Prétendre pouvoir réfuter « la » preuve cosmologique (comme s'il n'en existait qu'une seule version) en quelques pages témoigne d'une ignorance profonde du sujet. À lire sa « réfutation », il apparaît clairement que Thomas Durand n'a jamais lu ne serait-ce qu'une seule défense sérieuse de l'argument cosmologique en philosophie de la religion.
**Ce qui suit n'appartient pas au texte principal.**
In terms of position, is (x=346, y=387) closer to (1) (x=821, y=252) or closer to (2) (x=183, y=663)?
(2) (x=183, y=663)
Pourtant, des milliers de publications académiques, pour la plupart accessibles, existent sur le sujet, à commencer par l'article du Standford Encyclopedia of Philosophy qui y expose correctement les arguments divers 60. Mais non, cela n'intéresse pas notre zététicien qui préfère s'attaquer aux arguments de quelques « théistes » incultes d'Internet. Après tout, pourquoi lire de la philosophie analytique sérieuse quand on peut s'attaquer aux arguments des commentaires YouTube ?
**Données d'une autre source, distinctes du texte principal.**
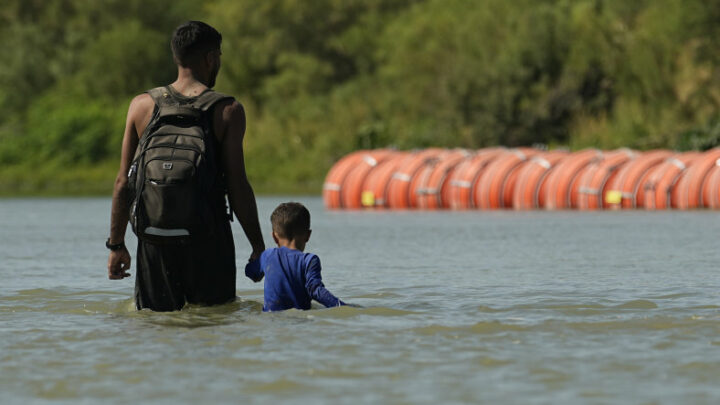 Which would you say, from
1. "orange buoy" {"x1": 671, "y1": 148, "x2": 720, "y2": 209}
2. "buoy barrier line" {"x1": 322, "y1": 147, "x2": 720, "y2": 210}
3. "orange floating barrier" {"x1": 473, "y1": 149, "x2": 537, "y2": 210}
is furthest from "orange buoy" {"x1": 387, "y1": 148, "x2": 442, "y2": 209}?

Reprenons les choses dans l'ordre. D'abord, Thomas Durand parle de la preuve cosmologique, alors qu'il en existe au moins une quinzaine, défendues au niveau universitaire :

  1. La première voie de saint Thomas d'Aquin 61 ;

  2. La deuxième voie de saint Thomas d'Aquin 62 ;

  3. La troisième voie de saint Thomas d'Aquin 63 ;

  4. L'argument cosmologique de Samuel Clarke 64 ;

  5. L'argument cosmologique leibnizien 65 ;

  6. L'argument cosmologique d'Alexander Pruss 66 ;

  7. L'argument cosmologique de Gale-Pruss 67 ;

  8. L'argument cosmologique du kalam 68 ;

  9. L'argument cosmologique swinburnien 69 ;

  10. L'argument cosmologique scotiste 70 ;

  11. L'argument cosmologique de Rasmussen et Weaver 71 ;

  12. L'argument cosmologique de Descartes 72 ;

  13. L'argument cosmologique d'Emanuel Rutten 73 ;

  14. L'argument cosmologique d'Andrew Loke 74 ;

  15. L'argument cosmologique de Robert Koons 75 ;

  16. L'argument cosmologique modal du commencement 76 (Pruss et Rasmussen).
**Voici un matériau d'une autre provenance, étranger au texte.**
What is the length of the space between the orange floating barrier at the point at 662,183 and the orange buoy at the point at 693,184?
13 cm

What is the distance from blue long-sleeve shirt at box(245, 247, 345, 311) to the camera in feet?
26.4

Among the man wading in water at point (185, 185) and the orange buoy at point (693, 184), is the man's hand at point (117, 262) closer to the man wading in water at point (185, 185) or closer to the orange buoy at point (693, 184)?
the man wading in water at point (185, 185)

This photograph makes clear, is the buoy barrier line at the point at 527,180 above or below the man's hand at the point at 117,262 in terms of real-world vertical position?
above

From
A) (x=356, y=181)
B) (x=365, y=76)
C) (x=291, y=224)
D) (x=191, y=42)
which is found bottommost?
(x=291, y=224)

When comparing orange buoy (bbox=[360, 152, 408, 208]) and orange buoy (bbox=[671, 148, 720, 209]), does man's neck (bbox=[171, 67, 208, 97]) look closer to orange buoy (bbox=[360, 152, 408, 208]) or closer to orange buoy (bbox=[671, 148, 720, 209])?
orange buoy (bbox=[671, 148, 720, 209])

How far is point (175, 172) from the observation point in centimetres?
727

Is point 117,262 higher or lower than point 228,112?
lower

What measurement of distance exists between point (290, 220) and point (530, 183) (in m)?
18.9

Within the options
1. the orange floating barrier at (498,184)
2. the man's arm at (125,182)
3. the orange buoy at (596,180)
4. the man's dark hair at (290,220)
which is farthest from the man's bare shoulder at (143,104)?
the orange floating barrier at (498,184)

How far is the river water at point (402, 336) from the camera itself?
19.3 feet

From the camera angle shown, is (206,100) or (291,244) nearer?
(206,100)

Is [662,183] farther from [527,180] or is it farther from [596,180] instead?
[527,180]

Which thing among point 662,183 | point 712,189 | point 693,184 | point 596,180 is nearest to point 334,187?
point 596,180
Évidemment, on ne demande pas à Thomas Durand de traiter de chacun de ces arguments. On attend au moins de lui qu'il sache répondre aux trois types d'arguments cosmologiques majeurs, bien connus des philosophes :

  • l'argument du kalam vise à démontrer qu'une régression à l'infini des événements passés est impossible ;

  • l'argument de la contingence thomiste vise à montrer qu'une régression des causes essentiellement ordonnées (per se) ne peut remonter à l'infini et doit se terminer par une cause première nécessaire qui fonde l'existence de la série contingente et qui la maintient dans l'existence à chaque instant ;

  • l'argument cosmologique de Leibniz vise à montrer qu'une série d'êtres contingents, même en nombre infini, aurait besoin d'une cause externe qui rende compte de son existence.

Tout cela semble échapper complètement à Thomas Durand qui n'a manifestement pas l'air d'avoir étudié le sujet (en témoigne l'absence totale de références en note de bas de page). Aucun philosophe théiste n'est cité. Sa méthode consiste principalement à construire un argument cosmologique qu'aucun philosophe n'a jamais défendu, puis à le contredire avant d'affirmer péremptoirement avoir réfuté « l'argument cosmologique ».

Nous allons rappeler les grandes lignes fondamentales de ces arguments et montrer en quoi Thomas Durand échoue à y répondre sérieusement.

La cause incausée

Le point de départ fondamental de la plupart des arguments cosmologiques est d'établir qu'il existe une cause incausée qui est la source de la totalité de l'existence. Puis, dans un second temps, on cherche à identifier cette cause incausée comme étant Dieu, en faisant une analyse conceptuelle de ses attributs. Pour le moment, ce qui nous préoccupe est d'établir que la proposition « tout a une cause » est fausse 77.

L'argument pour établir l'existence d'une cause incausée peut s'écrire ainsi :

  1. Il existe une relation de cause à effet dans le monde 78.

  2. Il n'y a pas de causalité circulaire.

  3. Il n'y a pas de régression causale à l'infini.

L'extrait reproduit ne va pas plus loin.